Other fasting plasma clinical biochemistry measurements are shown in Table 1. A marked decrease in plasma triglycerides at termination (week 8) was observed (median 2.84 mmol/L in controls vs 1.78 mmol/L in BSO-treated mice, P <0.001), but BSO did not alter total, HDL- or LDL-cholesterol. Modest, but significant decreases in plasma total protein and albumin (8% and 9%, respectively, P <0.001 for both) were observed in BSO-treated mice versus controls. Plasma ALT and creatinine results suggested that hepatic and renal functions were not adversely affected by BSO treatment. Plasma GGT activity was below the limit of detection in both BSO-treated mice and controls.
Plasma fatty acid profile
Free fatty acids.
Plasma total and free concentrations of palmitic, palmitoleic, stearic and oleic acids are shown in Table 2, while the remaining fatty acids measured are reported in S1 Table in the Supporting Information. Most plasma free fatty acids were decreased by BSO relative to controls, with the greatest decrease observed in dihomo-γ-linolenic acid (44% lower), as well as in monounsaturated products of SCD, namely oleic and palmitoleic acids (P<0.001 for all). As a result, SCD-16 (P = 0.004) and SCD-18 (P <0.001) activity indices at week 8 were decreased in BSO-treated mice relative to controls, with SCD-18 showing the greatest effect (25% lower, P <0.001; Fig 3E and 3F). Plasma free fatty acid concentration, calculated as the sum of all individual fatty acids measured (S1 Table), was 21% lower in BSO-treated mice relative to controls (P <0.001; Table 2).

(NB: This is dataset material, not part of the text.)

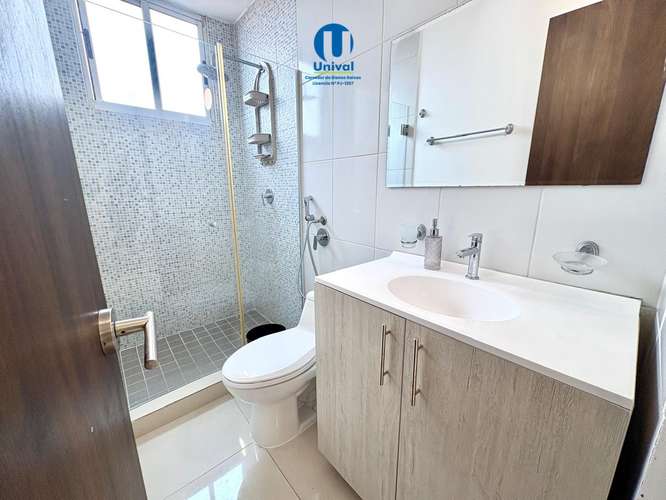 Apartamento Amoblado en Alquiler en Pueblo Nuevo - PH Torres de Montserrat - Imagen 8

Fatty acid profile in total plasma lipids.
Total plasma concentrations of several fatty acids were lower in BSO-treated mice, particularly dihomo-γ-linolenic acid, oleic and palmitoleic acids (37–40% lower, P<0.001 for all; Table 2 and S1 Table), which were the ones maximally decreased in the free fatty acid profile. SCD-16 and SCD-18 activity indices calculated in total plasma lipids were 27% and 34% respectively lower in BSO-treated mice at termination compared to controls (P <0.001 for both; Fig 3G and 3H). BSO had no effect on total stearic or γ-linolenic acid concentrations.
Thiol profile in plasma and liver
Total and reduced GSH in plasma were decreased by BSO treatment (P <0.001 for both), but the rGSH/tGSH ratio was unchanged (Fig 4A–4C). In liver, rGSH was not altered by BSO treatment, while tGSH was decreased, so the rGSH/tGSH ratio was higher in BSO-treated mice compared to controls (P <0.001; Fig 4D–4F).

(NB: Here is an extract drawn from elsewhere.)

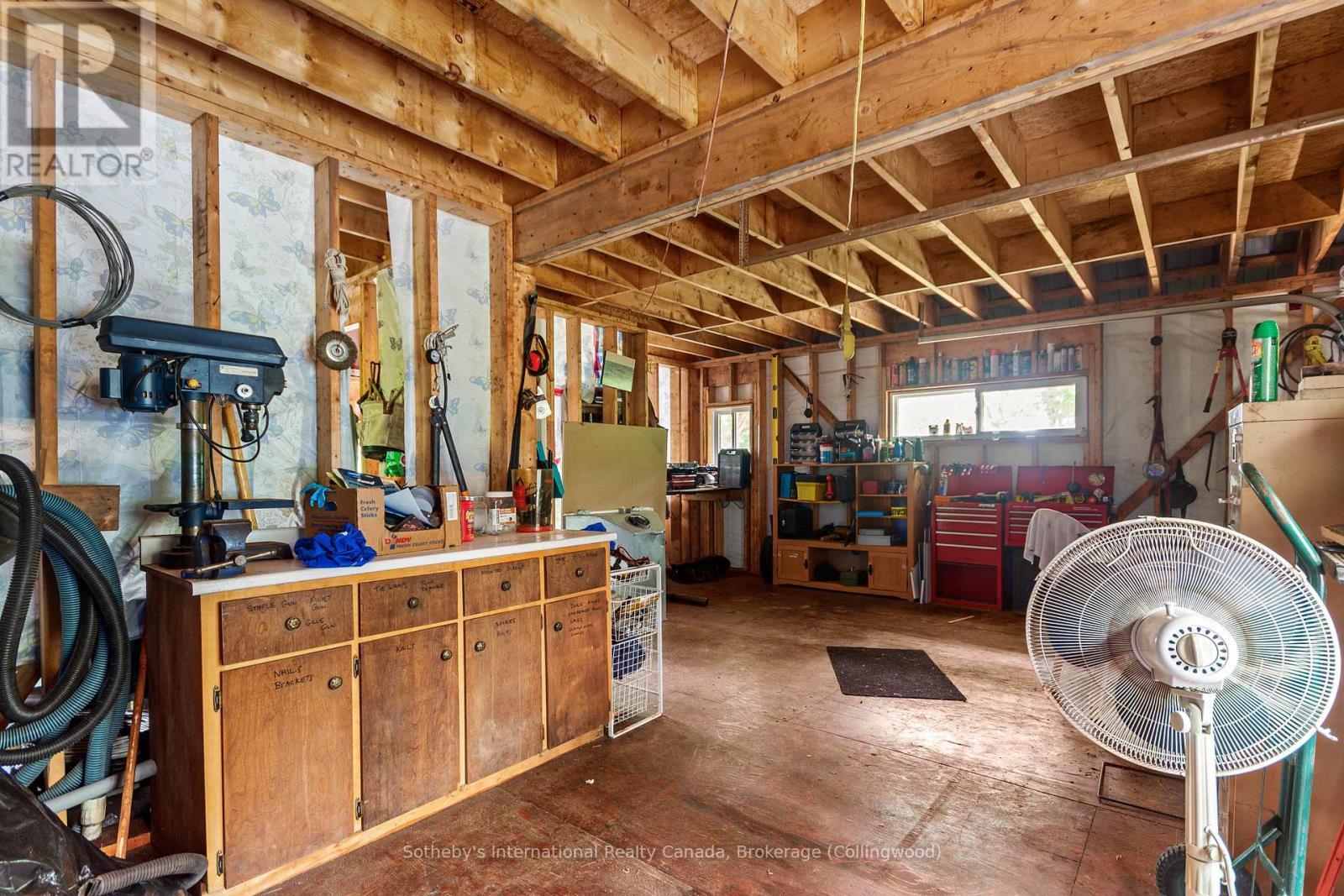 4202 Go Home Lake Shr, Georgian Bay (Gibson), ON - Indoor Photo Showing Basement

A-C: Plasma total glutathione (tGSH), reduced glutathione (rGSH) and rGSH/tGSH ratio. D-F: Liver tGSH, rGSH and rGSH/tGSH ratio. Data is presented as median, 25th and 75th percentiles, with individual data plotted; N = 20 (BSO) and N = 23 (controls). Groups were compared by Mann-Whitney U test.
All cysteine forms were decreased in plasma (Fig 5A–5C), with a proportionally greater decrease in rCys, such that the rCys/tCys ratio was decreased (Fig 5D). Similarly, the plasma rHcy/tHcy ratio was decreased by 67%, due to an absolute increase in tHcy and a decrease in rHcy (Table 1). BSO had no effect on liver concentrations of total or reduced cysteine (Fig 5E and 5F) or the rCys/tCys ratio in liver (not shown).
A-D: Plasma total cysteine (tCys), reduced cysteine (rCys), cystine, and rCys/tCys ratio. E, F: Liver tCys and rCys. Data is presented as median, 25th and 75th percentiles, with individual data plotted; N = 20 (BSO) and N = 23 (controls). Groups were compared by Mann-Whitney U test.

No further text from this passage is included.